Links to sections below for your convenience:
What Is CHIP?
What Is PLUM?
How You Can Help
The Talking Points
— Affordability
— Equity & Justice
— Supply
How To Email PLUM Members
How To Submit Comments To The Official File
Other Homeowners Need To Hear This Message
Attend The Hearing
🚩 CHIP Heads To PLUM On Tuesday! 🚩
As I reported in my September 28th update, we dodged a bullet in front of the Planning Commission, and for another minute, R-1 was exempt from the builder incentives under the Housing Element, but the Housing Element & CHIP are now headed to the City Council’s Planning & Land Use Management Committee (“PLUM”), and then on to the full City Council for a vote.
We all came together to fight high-rises in Westchester Playa in connection with our Community Plan Update (“CPU”). We paid less attention to other aspects of the Housing Element because the CPU shenanigans were so consuming.
Fortunately for us, our friends at United Neighbors were not undergoing a CPU and they clued in to the CHIP threat earlier and started lobbying Mayor Bass and the Planning Department to focus on corridor density, not R-1 density.
What Is CHIP Again?
CHIP stands for Citywide Housing Incentive Program and is the menu of builder incentives making it financially attractive to build high density projects. On one hand, we’re fighting density in our CPU for our geographic area, but CHIP applies across the entire city.
Yep, we’re looking at a double threat.
Our CPU is in a temporary holding pattern, waiting for the next draft map and the latest estimates for adoption span into 2026. The CHIP Ordinance, on the other hand, is on a march to approval by the City Council no later than mid-February.
You can read about our CHIP fight here and here.
At every step of the fight, we fought off including R-1 in the Ordinance, but every time, the Planning Department invited the decision maker to put it back in.

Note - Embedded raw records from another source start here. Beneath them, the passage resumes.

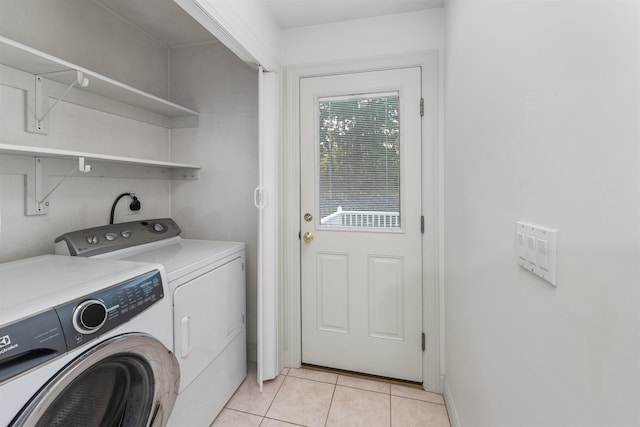 8 Aulson Rd, Salem, NH 03079 - laundry area with washing machine and clothes dryer and light tile patterned floors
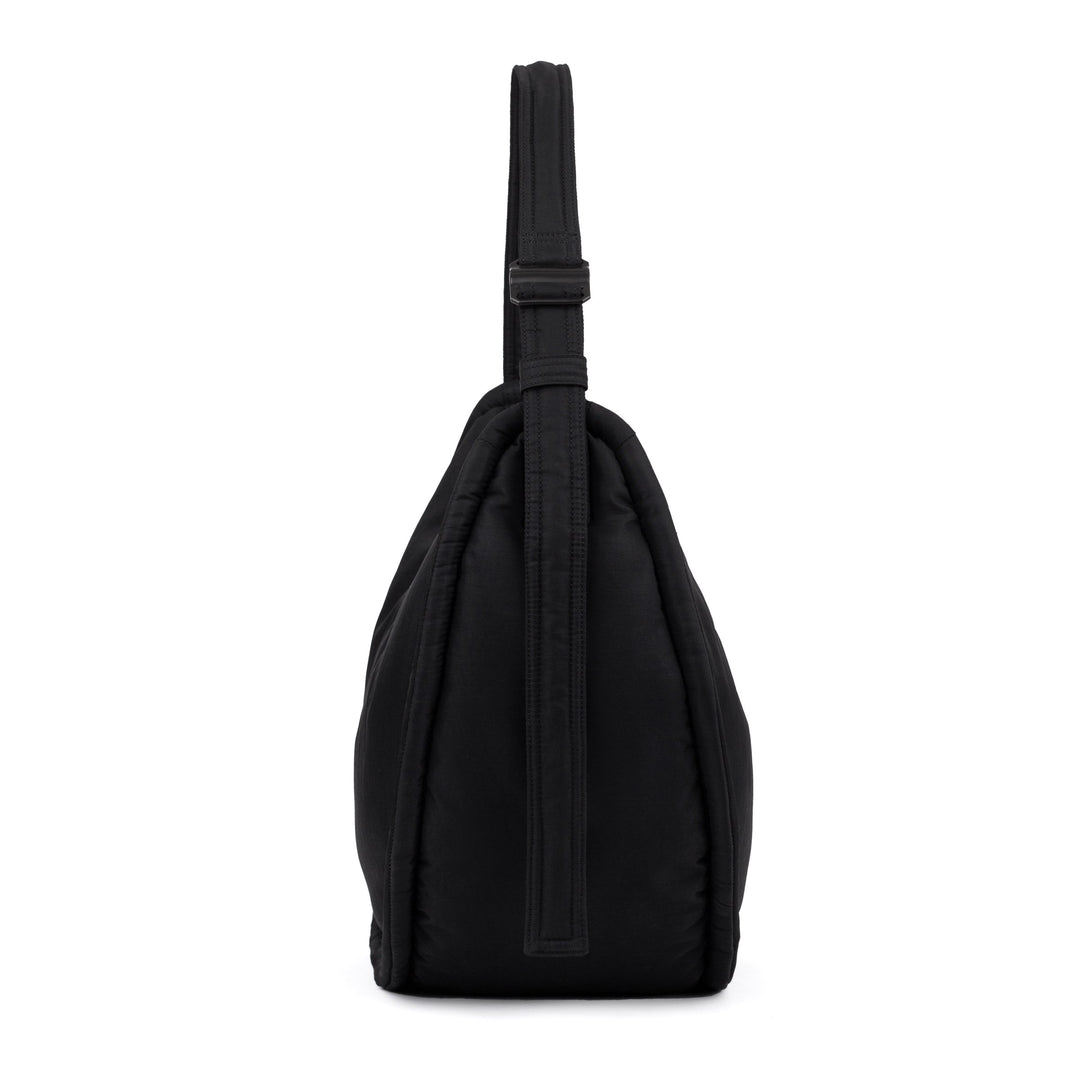 Black Curve half-moon bag standing upright with the strap gathered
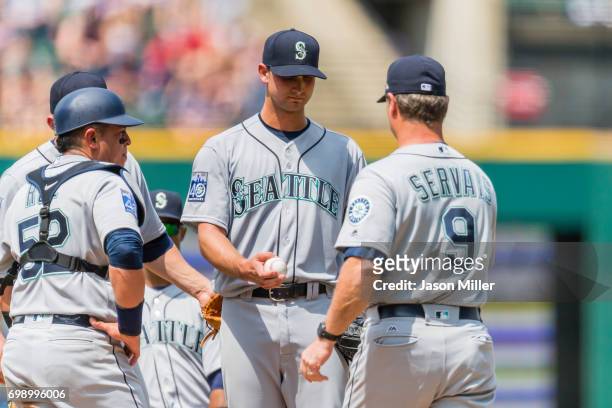 Starting pitcher Chase De Jong of the Seattle Mariners is removed from the game by manager Scott Servais during the third inning against the...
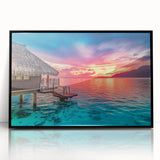 Large abstract wall art of Tahiti's oceanic scenery in vibrant blues and greens, framed in black acrylic.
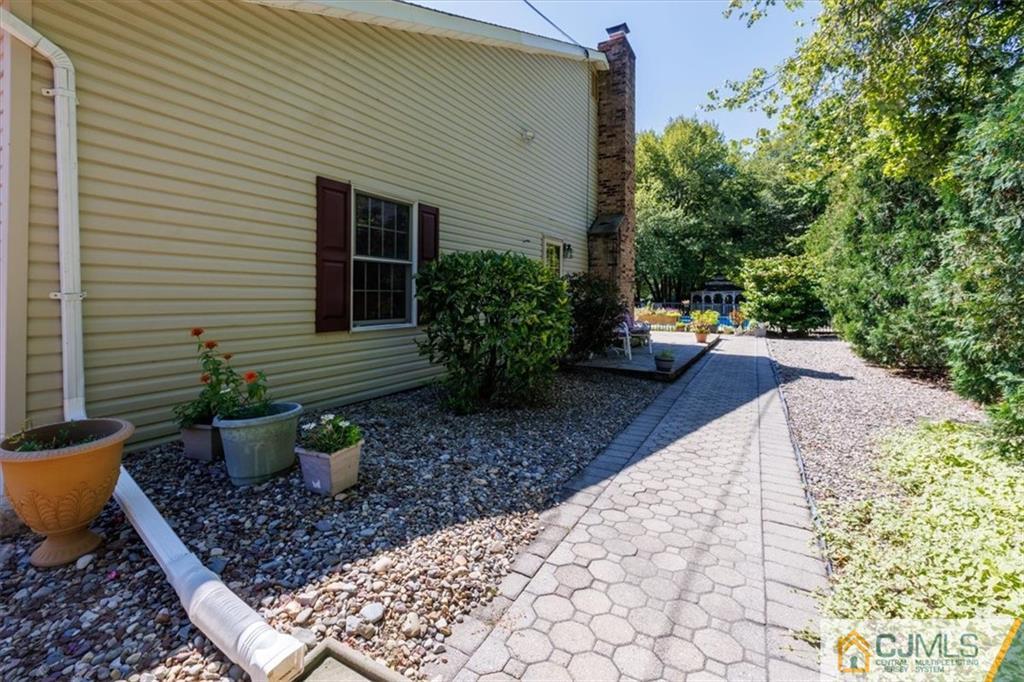 81 Spring Hill Road Old Bridge, NJ 07747 - Photo 3 of 40 a view of a backyard with sitting area
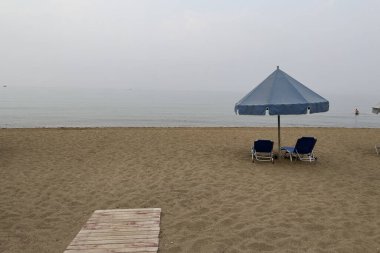 24 Ağustos 2023 'te Yunanistan' ın Kourouta plajında güneşli bir günde güneşlik ve şemsiyeler.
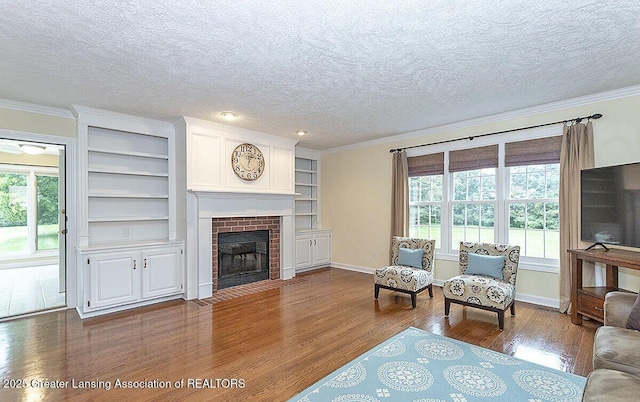 8505 W Willow Hwy, Grand Ledge, MI 48837 - living area featuring dark wood-type flooring, plenty of natural light, a textured ceiling, a fireplace, and ornamental molding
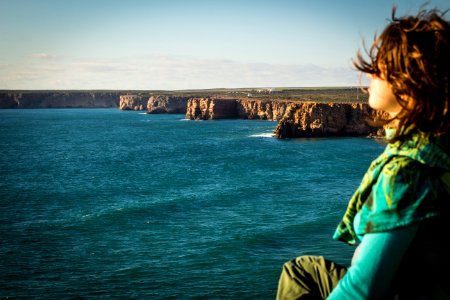 woman sitting at the seashore photo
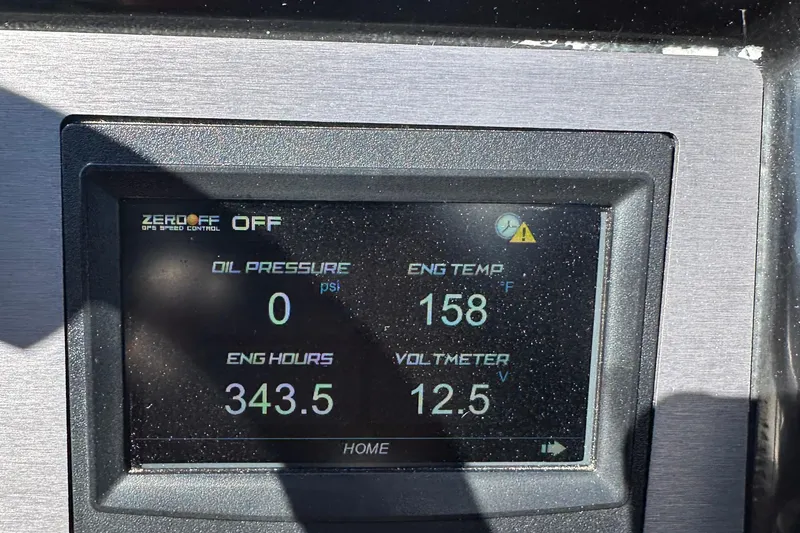 Slide: The Image of Dashboard display of a 2021 MasterCraft NXT24 showing engine metrics and GPS speed control. - 17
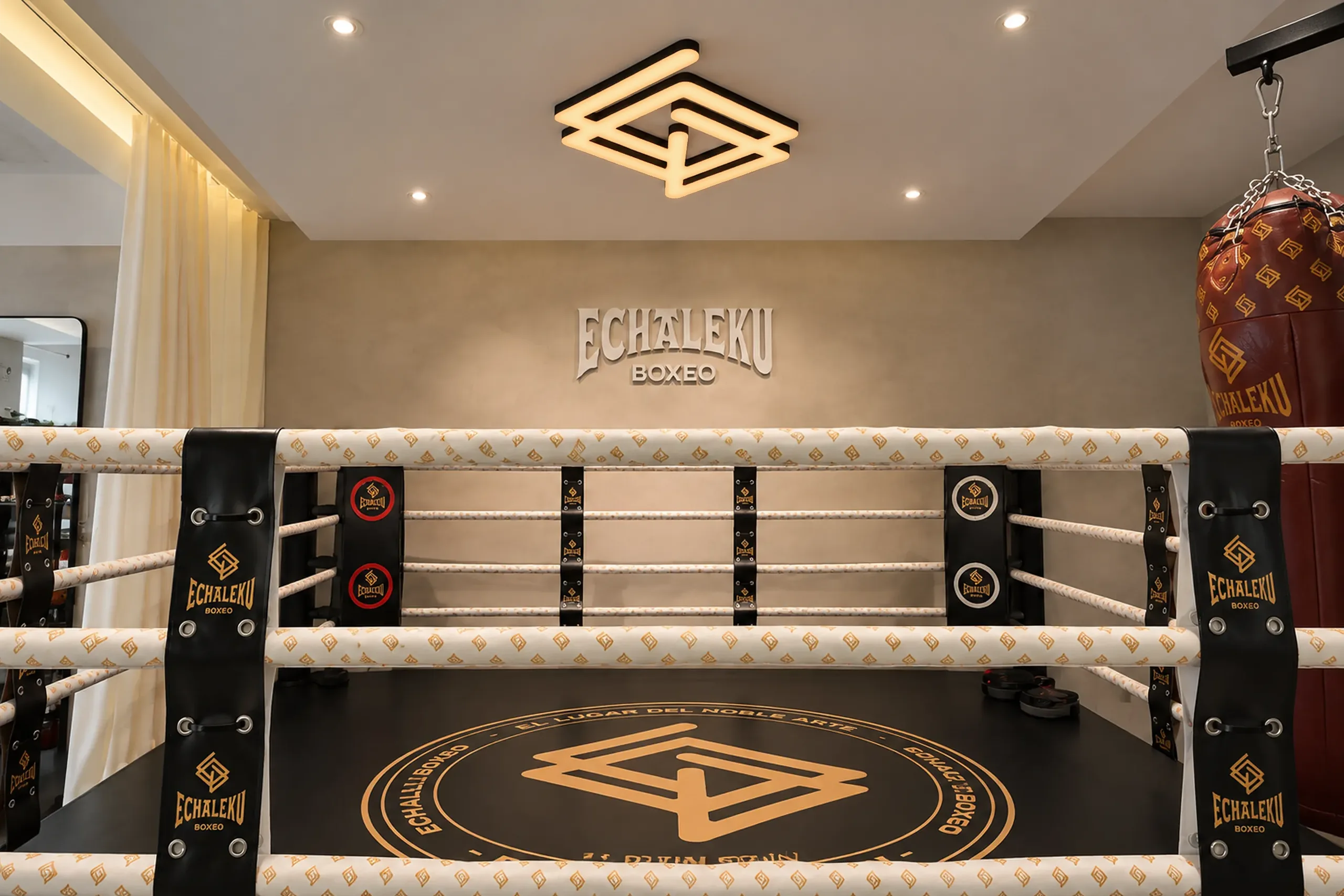 Ring de boxeo en el centro de la tienda Echaleku de Valencia con lámpara de techo con logotipo y saco de boxeo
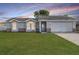 Charming single-story home featuring a well-manicured lawn, gray exterior, and attached two-car garage at 2769 Corrigan Dr, Deltona, FL 32738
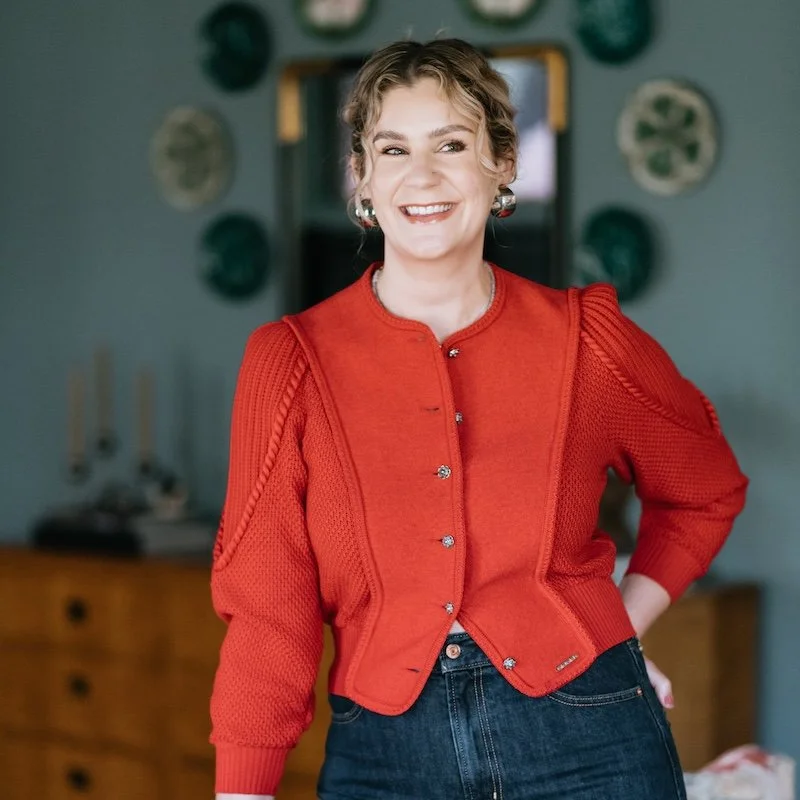 A young woman with short curly hair and earrings, smiling, wearing a red cardigan and dark jeans, standing indoors with a blurred background of wall decorations and a wooden dresser.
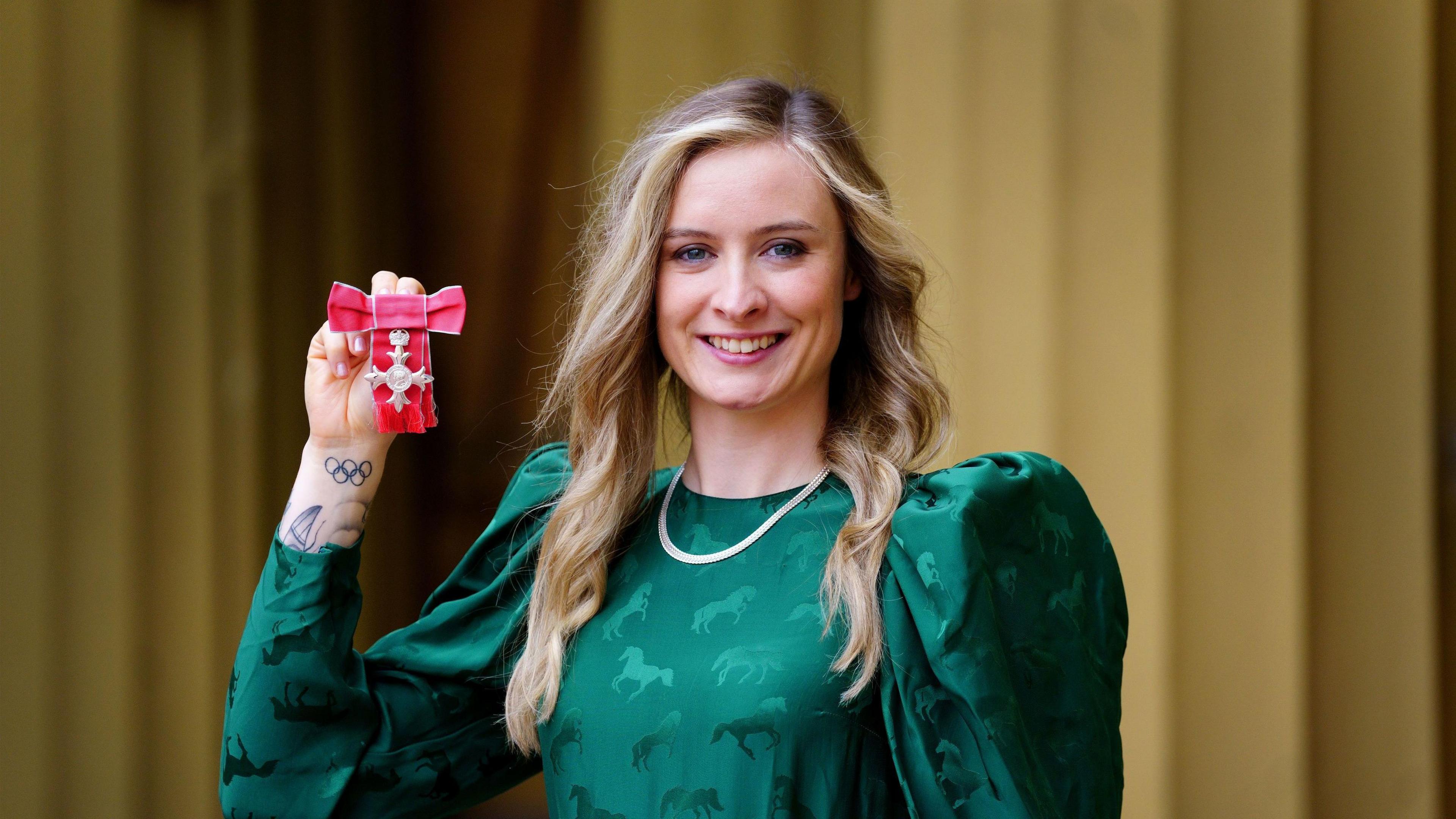 Charlotte Worthington with long brown hair, wearing a green dress and smiling whilst holding a medal in her right hand.  An Olympic tattoo is visible on her right hand. There are gold curtains behind her.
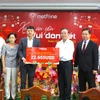 Ông Cao Mạnh Đức, Tổng Giám đốc Công ty Metfone, trao tượng trưng 1.075 suất quà Tết cho Ban lãnh đạo Hội Khmer-Việt Nam tại Campuchia. (Ảnh: Hoàng Minh/TTXVN)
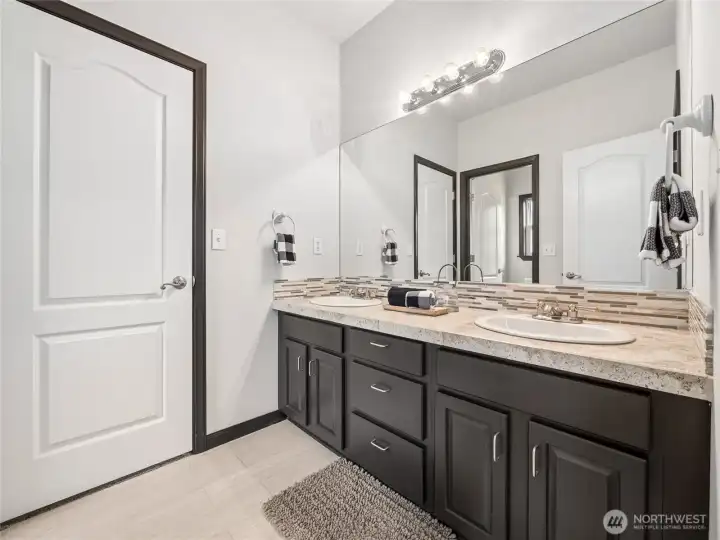 Smartly configured Jack and Jill bathroom connecting two bedrooms, offering a private toilet and separate tub/shower section. Smartly configured Jack and Jill bathroom connecting two bedrooms, offering a private toilet and separate tub/shower section.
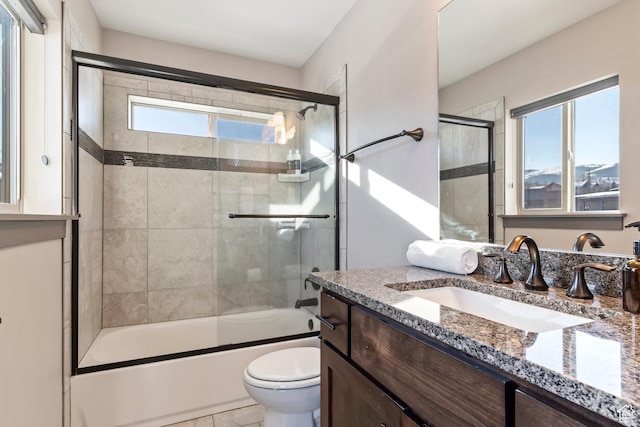full bath with vanity, toilet, combined bath / shower with glass door, and a healthy amount of sunlight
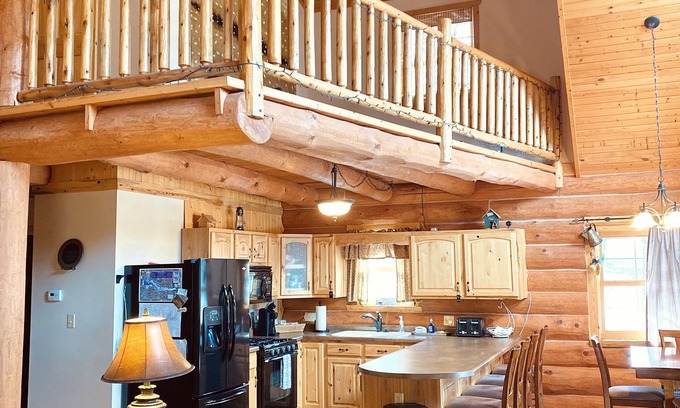 Rome Cabin | Cozy Log Cabin with fireplace, pool table, deck, and spacious kitchen!
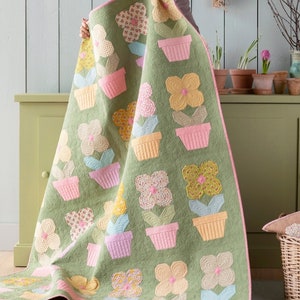 Pode incluir: Uma colcha verde com um padrão floral rosa, amarelo e azul. A colcha apresenta um desenho repetitivo de flores em vasos.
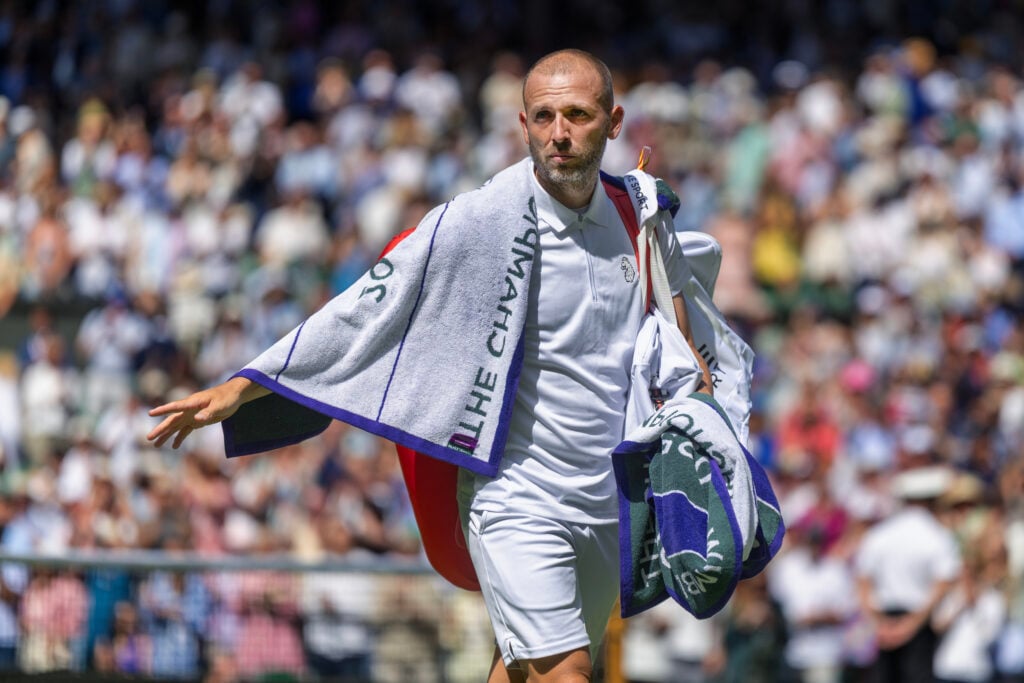 Dan Evans walks off court after losing to Novak Djokovic at Wimbledon in 2025.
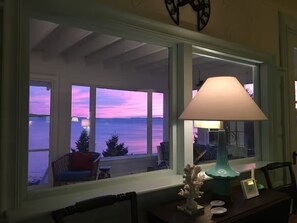 A room with a view of the sea, a window with a lamp, and a chair by the window.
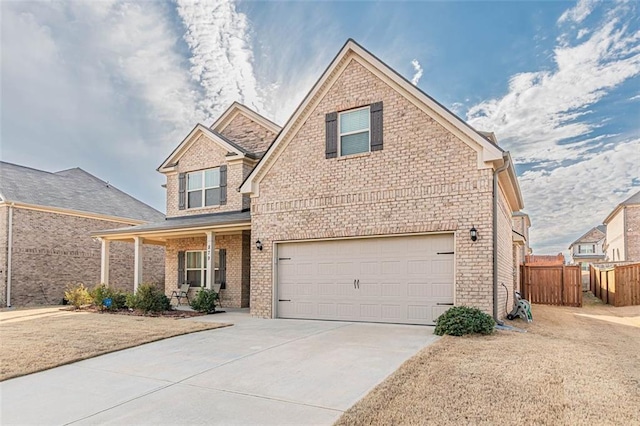 view of front of property featuring an attached garage, covered porch, brick siding, fence, and concrete driveway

It’s absurd and exhausting. Progressives want it in, but nobody has had the balls to do it with our persistent pushback.
Tuesday is the next step and we need to keep up the pushback.
What Is PLUM?
PLUM is a subset of the full council and it’s critical that we get past this committee with a favorable ruling because the next and final step is the full council. As you’re likely aware, the full council is a deck stacked against saving R-1 from needless densification. The PLUM Committee Members are:
John Lee, Chair
Heather Hutt
Imelda Padilla
Kevin de Leon
Katy Yaraslavsky
The report that came out of the last step (the Planning Commission Hearing) recommends that PLUM adopt the draft CHIP ordinance without R-1, except they then snuck in an “Exhibit D” with “options” to include R-1.
In fact, the original report actually misstated the oral ruling from the Planning Commission Hearing, but United Neighbors caught it and quickly demanded a correction, which was provided.
This exhibit potentially sets us up for having to defend against a variety of ways that R-1 could be subject to builder incentives.
How You Can Help
There are several ways to help:
email the committee members
submit comments to the official hearing file
involve other friendly R-1 homeowners
show up in person at the hearing and register to speak
I’m not sure if this meeting will be available on zoom, but the committee does not take public comments by zoom.
The Talking Points
At this point in time, we are down to broad talking points and not debating the finer details of policy. In my mind, we can assume that most of the council (and therefore most of this committee) lean toward the progressive side who support obliterating our mature R-1 neighborhoods to remediate some kind of historical unfairness.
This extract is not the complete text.